L’obsession des poids

11 équipiers à bord, dont 8 flanqués de trapèze, au rappel sur d’imposantes échelles. Le nouveau bolide lémanique n’a qu’une seule obsession à l’origine de son cahier des charges : augmenter
le moment de redressement. Sans prétendre défier les lois de la physique, il s’accommode de ses principes pour les convertir en vitesse.

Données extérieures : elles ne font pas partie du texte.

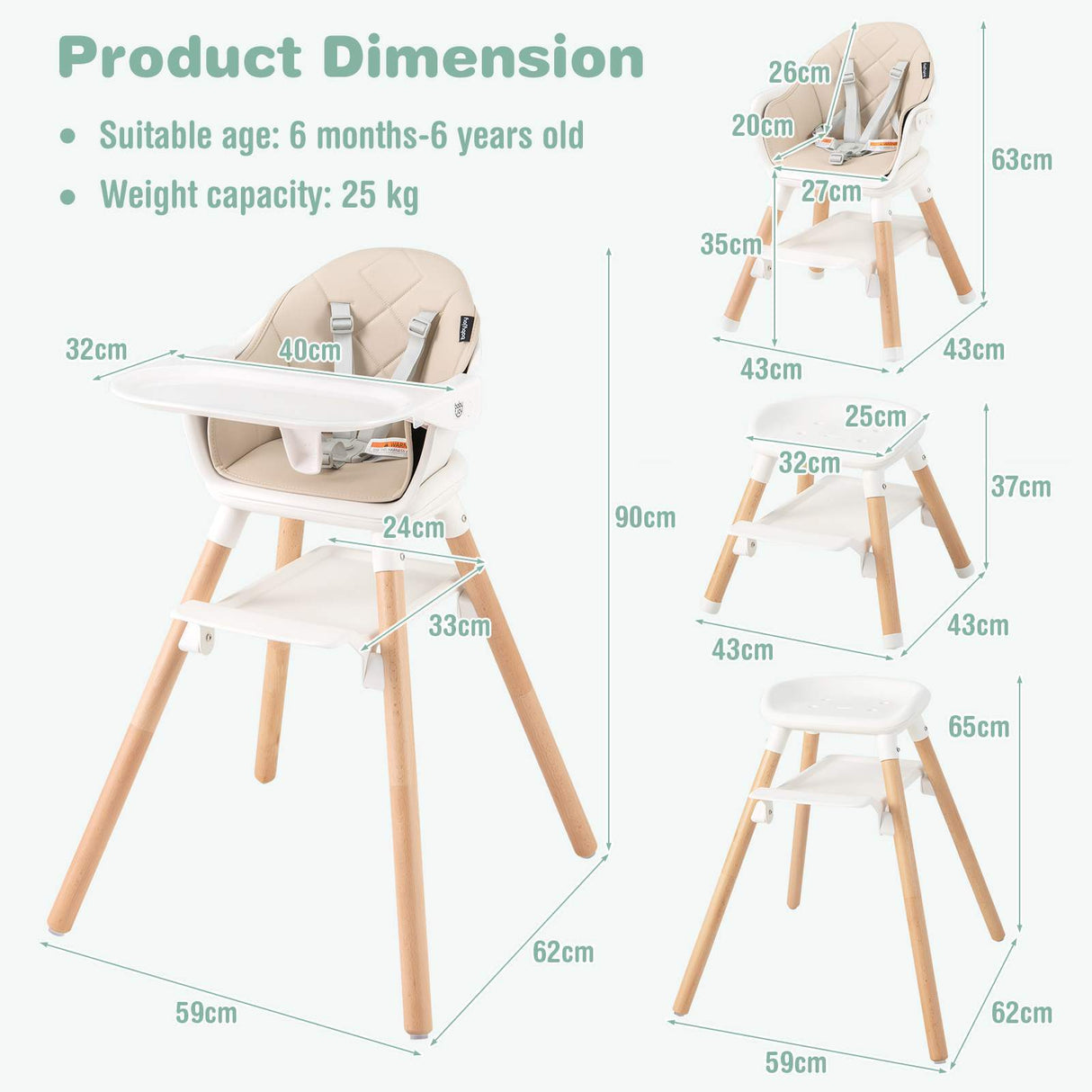 BABY JOY 6-in-1 Convertible Wooden High Chair Baby Highchair up to 6 Years Old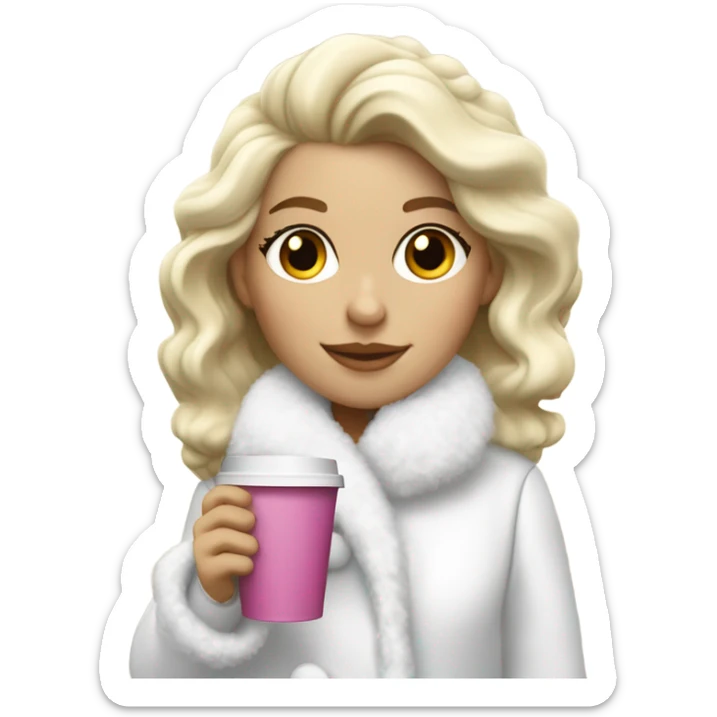 blonde girl wearing white fluffy jacket and a coffee to go in hand all dress white and a white bow on hair sticker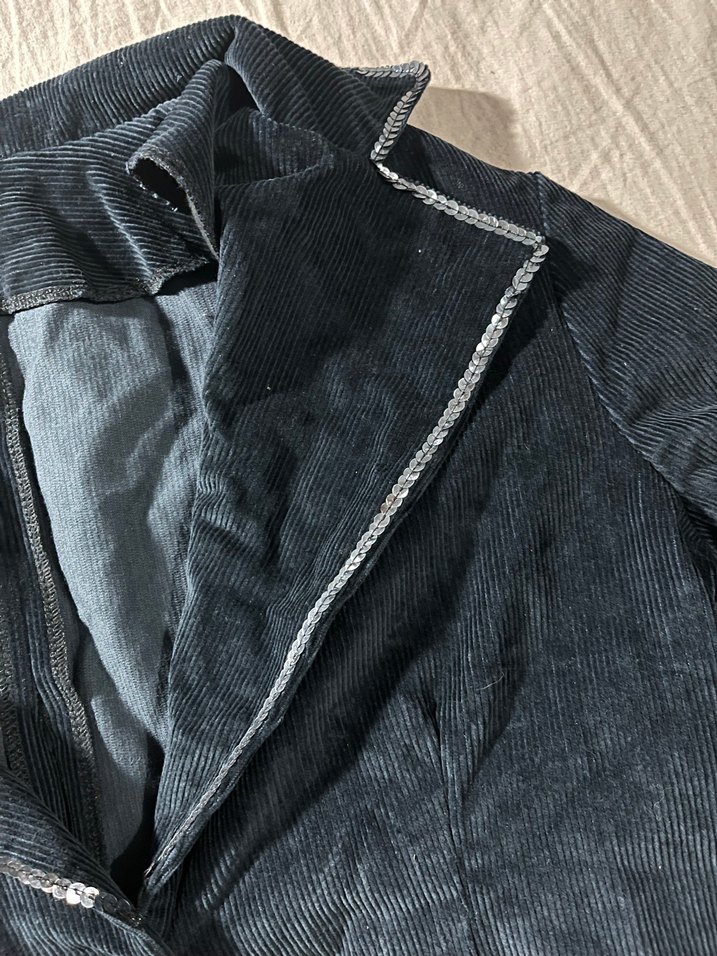 Düğmeli Lacivert kadife ceket - Görsel 4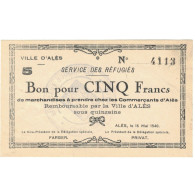 France, Alès, 5 Francs, 1940, SUP+ - Chambre De Commerce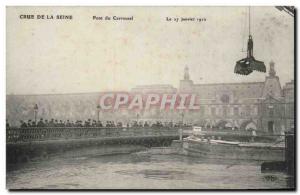 Postcard Old Paris Crue of the Seine Pont du Carrousel January 27, 1910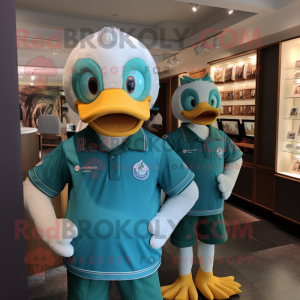 Teal Goose maskot kostume...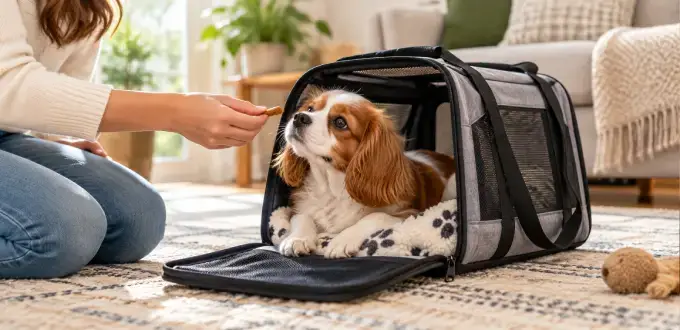 Mujer ofrece un premio a su perro dentro de un transportín para mascotas, ayudándolo a acostumbrarse antes de viajar en avión.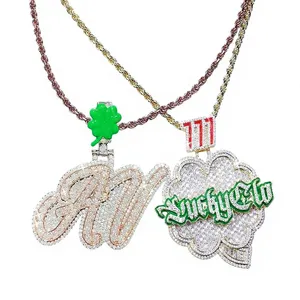 Pendentifs Hip Hop personnalisés attrayants en argent sterling plaqué or avec moissanite, nom/numéro/logo/lettre, couleur émail glacé, pour fête - Product Image 1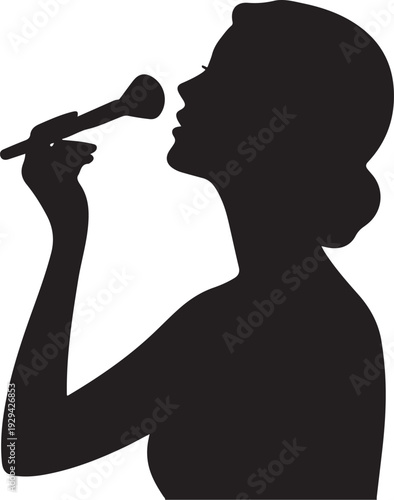Black silhouette woman applying makeup brush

Pesant 1,9 tonne – tout équipé –, ce poids plume
possède une grand-voile de 95 m2 et une quille basculante de 650 kg. Grâce au bon placement des poids, il navigue plus vite que le vent. Lors de notre essai, nous avons constaté des vitesses
au près de 1 à 1,5 nœuds supérieures au vent réel, par 7 nœuds de vent. Véritable prouesse architecturale, le K2 repousse les limites des efforts structurels. Plus léger qu’un Toucan, ce 47 pieds est étonnamment sage et stable. «Nous voulions que notre bateau soit autoredressable en cas de dessalage et qu’il puisse être amarré dans une place de port, ce qui n’est pas le cas de notre concurrent direct, Raffica », explique Philippe de Weck. Un atout de taille, notamment pour permettre à un équipage constitué de nombreux amateurs de s’entraîner régulièremLement. Lors de notre passage à son bord, l’équipage n’en était qu’à sa dixième navigation et c’est dire si la phase d’apprentissage sur un tel support joue un rôle clé. Depuis plusieurs semaines, quantité de données ont été récoltées afin de bâtir des polaires empiriques du bateau. Bourré de capteurs de charge, chaque élément du K2 est monitoré afin de mesurer l’ensemble des efforts sur la structure. Les modes de navigation et les crossovers entre les différentes voiles sont quant à eux soigneusement scrutés par les professionnels naviguant à son bord, notamment le voilier de chez North Sails Michel Vaucher et le project manager Jean-Pierre de Siebenthal.

Idée-force

«Je voulais apporter quelque chose de neuf au monde de la voile, confie Philippe de Weck. J’ai donc imaginé un système de foils de type DSS placé au niveau des échelles.» On retrouve effectivement sur chaque échelle d’imposants foils, installés à trois mètres du centre de poussée vélique, censés contribuer à augmenter le moment de redressement du navire et non
à voler. Ce bateau, 100% archimédien, pourrait encore prétendre accroître sa vitesse sous certaines allures de 1 à 2 nœuds grâce à cette idée d’avantgarde. Reste encore à tester et à fiabiliser le système en prenant en compte que chacun de ces appendices génère une force de poussée verticale non négligeable sur les échelles ! Avec ou sans ses foils, le K2 a sans conteste
le potentiel de dominer la scène lémanique des monocoques pendant un certain temps, à moins que d’autres passionnés à la recherche d’un projet architectural un peu fou n’aient pour ambition de lui voler la vedette.